I have the following definition for an
Ito process:
For $a(\omega, t), b(\omega, t)$ real valued, adapted stochastic processes that respectively satisfy the conditions $$ P(\int_0^t \vert a(\omega, s)\vert ds < \infty ) = 1 \quad \text{and} \quad P(\int_0^t b(\omega, s)^2 ds < \infty ) = 1 $$
and Ito-process has the form $$ X_t = x_0 + \int_0^t a(\omega, s) ds + \int_0^t b(\omega, s) dB_s. $$
Now for another stochastic process $f(\omega, t)$ that satisfies
$$
P(\int_0^t \vert f(\omega, s) a(\omega, s)\vert ds < \infty ) = 1
\quad \text{and} \quad
P(\int_0^t (f(\omega, s)b(\omega, s))^2 ds < \infty ) = 1
$$
the stochastic integral of $f$ with respect to $X$ is defined as $$ \int_0^t f(\omega, s) dX_s := \int_0^t f(\omega, s)a(\omega, s) ds + \int_0^t f(\omega, s)b(\omega, s) dB_s $$
For the Ito integral I have seen the interpretation of say the cumulative gains or losses of a gaming/investing strategy $f(\omega,t)$ w.r.t. an underlying asset price (the Brownian motion).
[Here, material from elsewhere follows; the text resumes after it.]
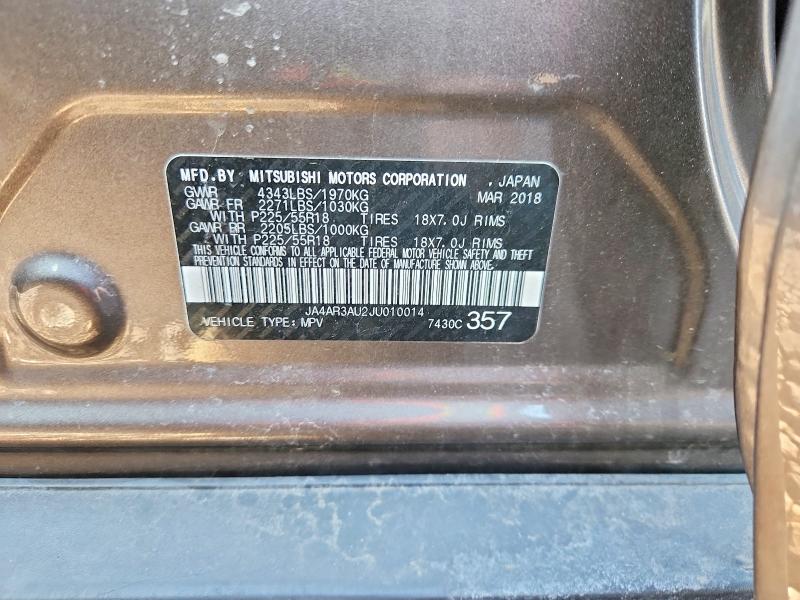 76000875 :رقم المزاد ، JA4AR3AU2JU010014 vin ، 2018 Mitsubishi Outlander Sport مزاد بيع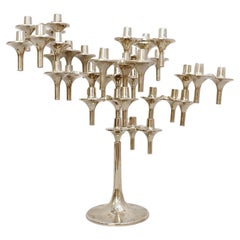 'Orion' Set of 12 Candleholders by Fritz Nagel & Ceasar Stoffi for BMF. Germany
It makes sense to me to extend the original definition to more complicated asset price models (here an Ito-process), but I don't see how the above defined stochastic integral is
a) consistent with the formal definition of the Ito integral - i.e. whether this integral can also be derived as a limit of sums of this form $$ \lim_{\vert \mathcal{P} \vert \to 0} \sum_{t_i \in \mathcal{P}} f(t_i) (X_{t_i} - X_{t_{i-1}}) $$ b) consistent with the interpretation given above
So essentially I'm asking: why does this definition make sense?